Woman crush Wednesday’s aren’t just for straight men anymore. Move over Macho Teyana Taylor admirers, there are new sherrifs in town who are competing for likes on the gram to further annoy their lady followers. They aren’t your homies, and fellow male IG’ers though. They are staunch, and covert gay men that are inching their way into the straight man’s digital territory.
In an effort to live a life under the radar, many gay and bisexual men I’ve come to know have put in tremendous amount work to ensure that their social media presence, matches their real life experience. This experience is rooted in being viewed as hardworking, free spirited, adventurous, and most importantly undeniably straight!
Let me make one thing abundantly clear. These men who each have a personal journey that is theirs and warrants privacy, are without a doubt same gender loving. They have partners, share homes with them, or are happily single and dating through a very limited pool of likeminded men.
They’re beyond the point of lying to family and friends but are chameleons who are experts at adjusting and maneuvering through life with a choreographed approach to dodging unwanted personal (nosy) questions.
While being a part of this tango of duality between appearing straight and their authentic selves, these men desire to be just one of the boys. With that in mind, supporting and praising beautiful women in a manner that implies attraction and not just being a stan of the most relevant pop diva is crucial to keeping the illusion alive.
In a culture that still values heteronormative ideals that are very much tied to all of our conditioned upbringings, it’s no surprise that for some men, they would rather support, promote, and subscribe to a heterosexual agenda at the expense of their own truth. I could go into a plethora of complex reasons as to why, but as many of my closeted friends and acquaintances have shared, it’s just easier!

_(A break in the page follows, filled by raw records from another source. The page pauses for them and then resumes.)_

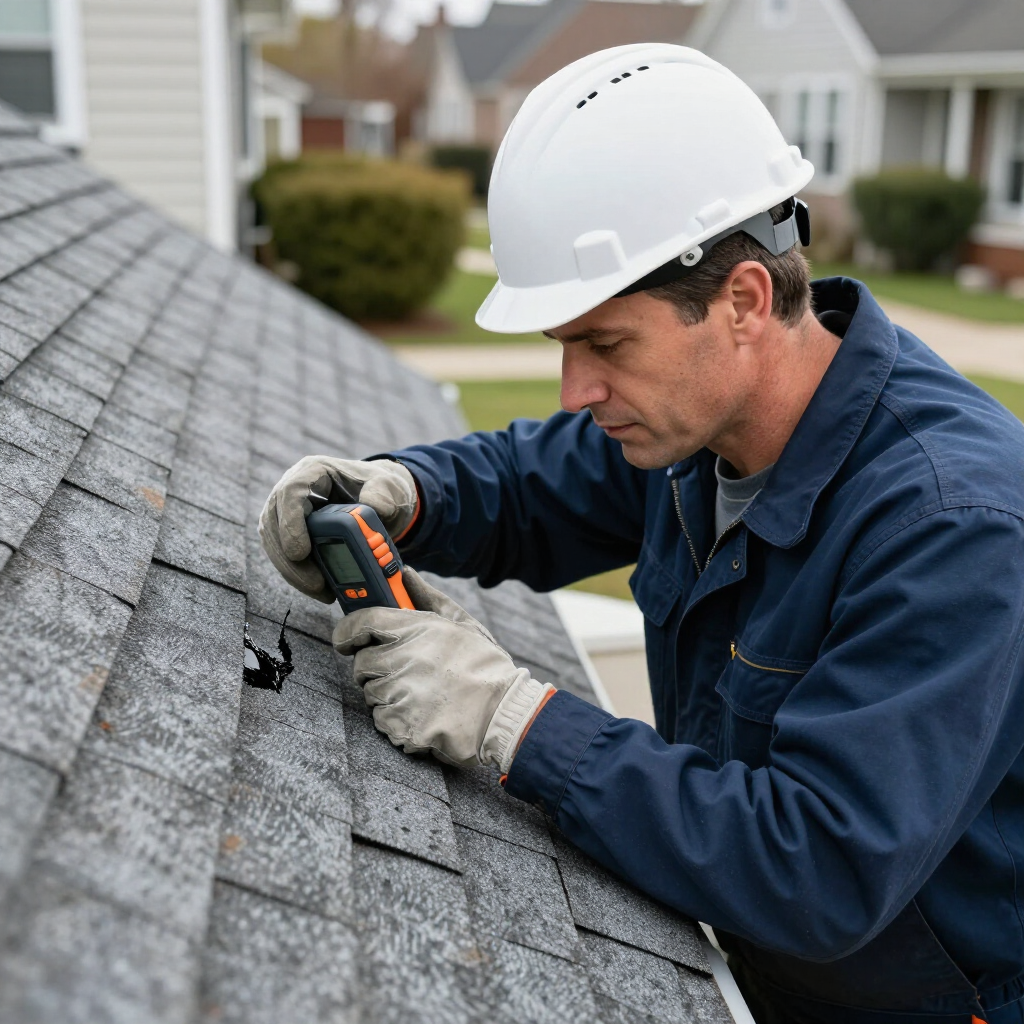 A professional in a hard hat and gloves uses a moisture meter to inspect shingles on a residential roof.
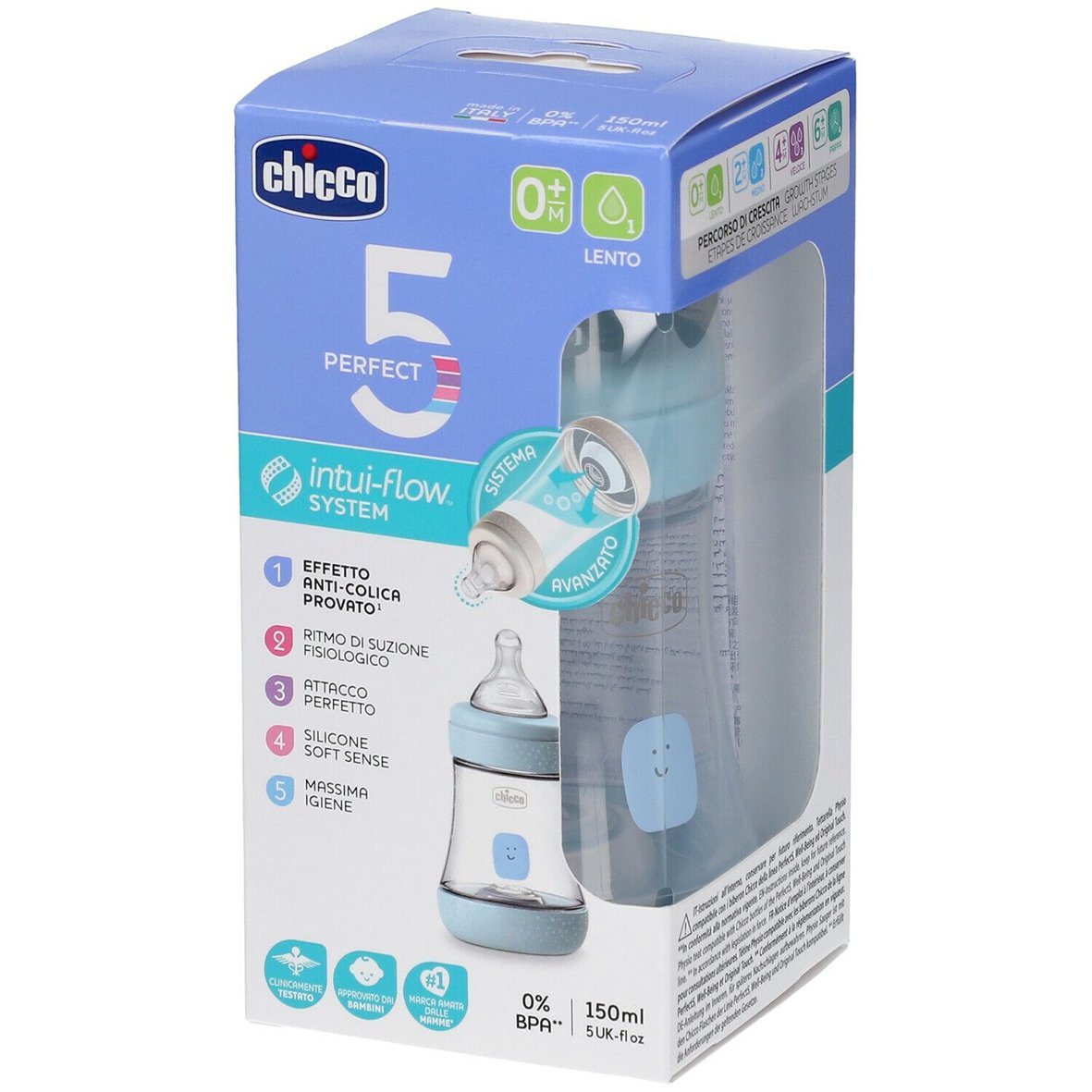 CHICCO Biberon Perfect 5 Intui-Flow 0 M+ 150 ML.paraplume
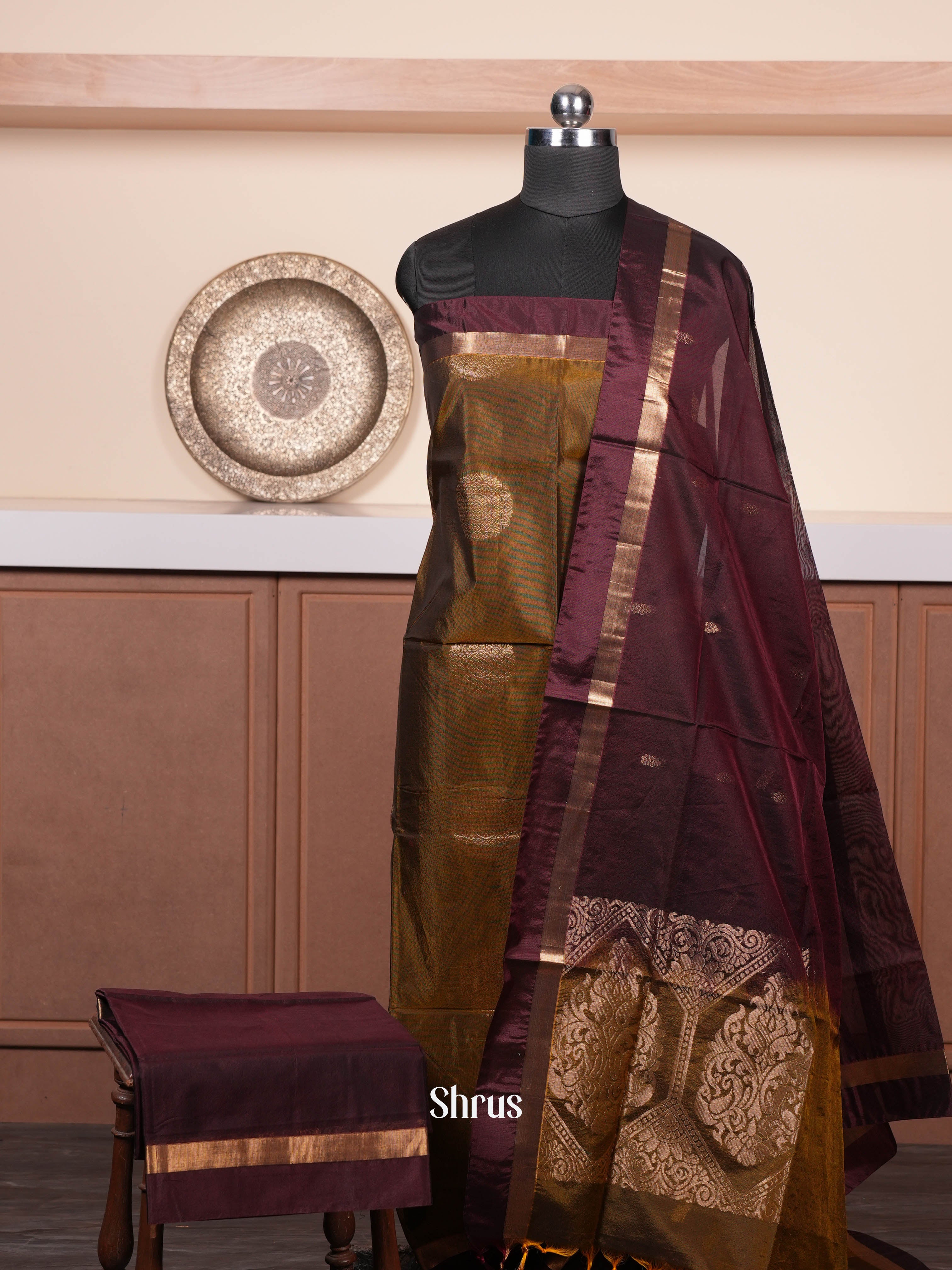 Green & Brown - Semi silkcotton salwar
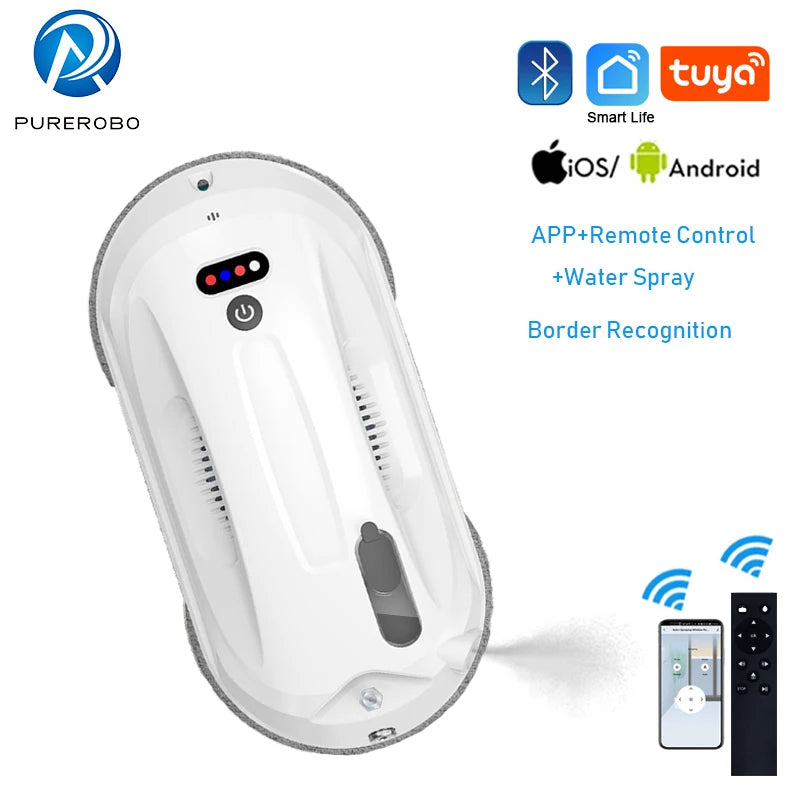 Purerobo Square Ultrathin Window Cleaning Robot With Water Spray Automatic Washing Window Glass Mirror Tile Cleaner APP Control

It is easier for some gay men to celebrate black love when it pertains to a man and woman. It is easier to support churches and organizations rooted in historical legacies because its been taught to be appropriate, and to many, a family obligation and a false sense of duty. It is easier to, albeit sad, that many choose to subscribe to protecting the happiness and proverbial bubble of those we love and willfully deeming our needs, and romantic love interests as unworthy of attention and or having a sense of pride.
They have been masters of designing a life that is visually appeasing to, and reflective of those around us. The people some men unconsciously vow to protect often do not view our lives and happiness as worthy of celebration so it’s not uncommon for SGL men themselves, to be completely uncomfortable following, supporting, or publicly rooting for their own or their true identity.
Career, family, and acceptance are important factors for many of us . These are however, what we grew up believing to be what is normal, traditional, and warrants blind loyalty by any means necessary. I wish that Man crush Monday’s for same gender loving men were easily presented as visible posts clamoring for positions in instagram’s ever changing algorithm. I wish that these same men could be comfortable knowing that the trivial social media hashtag doesn’t have to be just for straight women.
If that day should ever come where it’s not just a few select men supporting Jussie Smollett, male IG crushes, and their truthful personal lives, I hope that we can apply the same passion given to straight folks. I hope that we could build up each other and be our own Sheriffs of a community we would be proud to openly serve.